**The data:**
▬▬▬▬▬▬▬▬▬▬
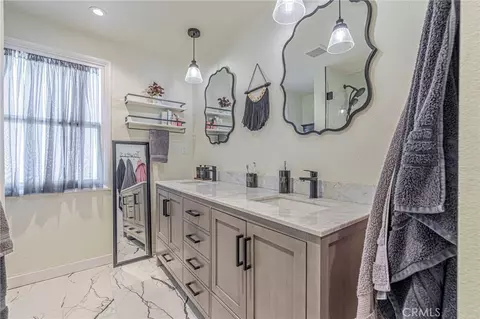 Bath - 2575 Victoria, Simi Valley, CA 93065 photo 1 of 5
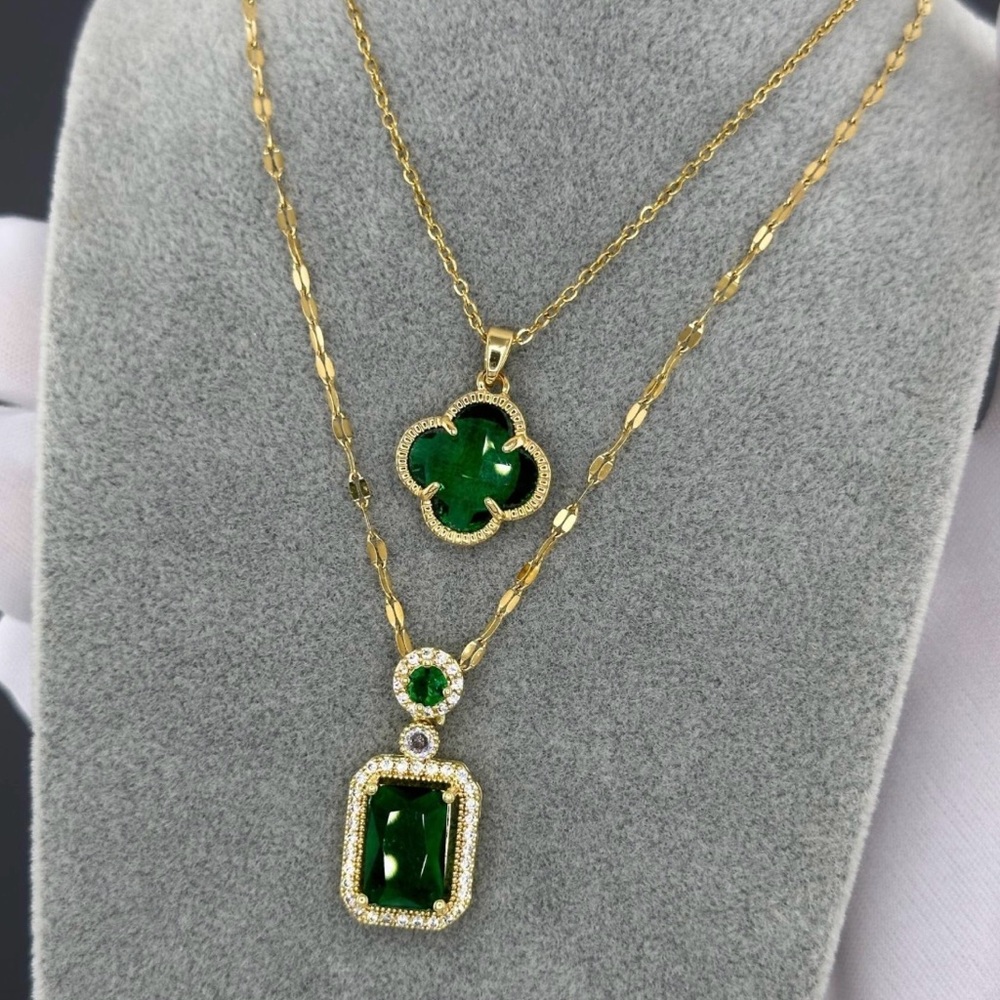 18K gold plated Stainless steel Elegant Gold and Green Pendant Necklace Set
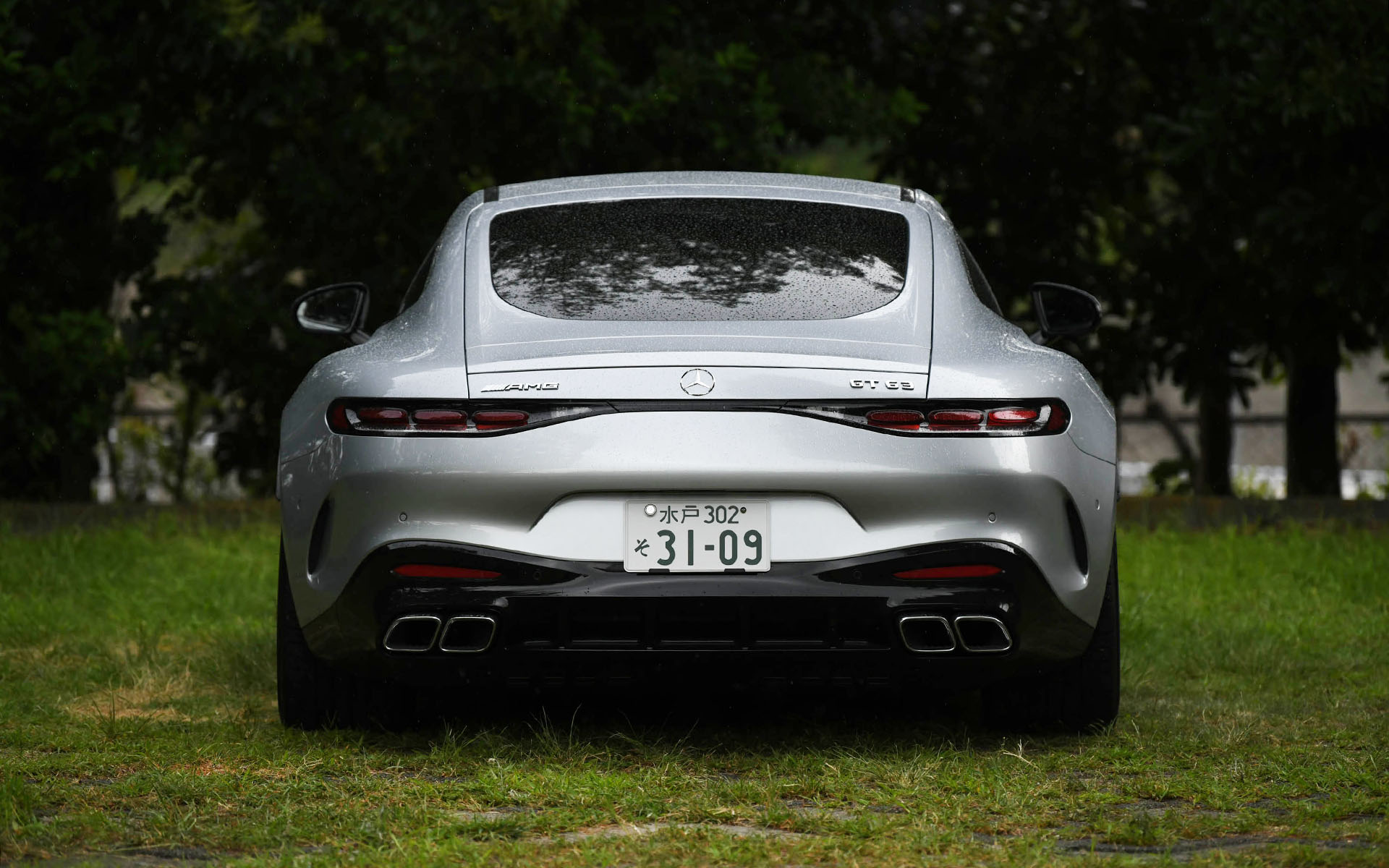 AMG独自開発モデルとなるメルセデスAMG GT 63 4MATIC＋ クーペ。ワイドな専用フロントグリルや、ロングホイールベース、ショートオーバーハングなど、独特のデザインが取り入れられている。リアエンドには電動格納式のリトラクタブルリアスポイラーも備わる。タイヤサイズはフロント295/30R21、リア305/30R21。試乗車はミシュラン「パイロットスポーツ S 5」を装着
▬▬▬▬▬▬▬▬▬▬
**Assigned task:** From the first line to the last, give the data again exactly, but without pictures.

**Answer area:**
 Bath - 2575 Victoria, Simi Valley, CA 93065 photo 1 of 5
 18K gold plated Stainless steel Elegant Gold and Green Pendant Necklace Set
 AMG独自開発モデルとなるメルセデスAMG GT 63 4MATIC＋ クーペ。ワイドな専用フロントグリルや、ロングホイールベース、ショートオーバーハングなど、独特のデザインが取り入れられている。リアエンドには電動格納式のリトラクタブルリアスポイラーも備わる。タイヤサイズはフロント295/30R21、リア305/30R21。試乗車はミシュラン「パイロットスポーツ S 5」を装着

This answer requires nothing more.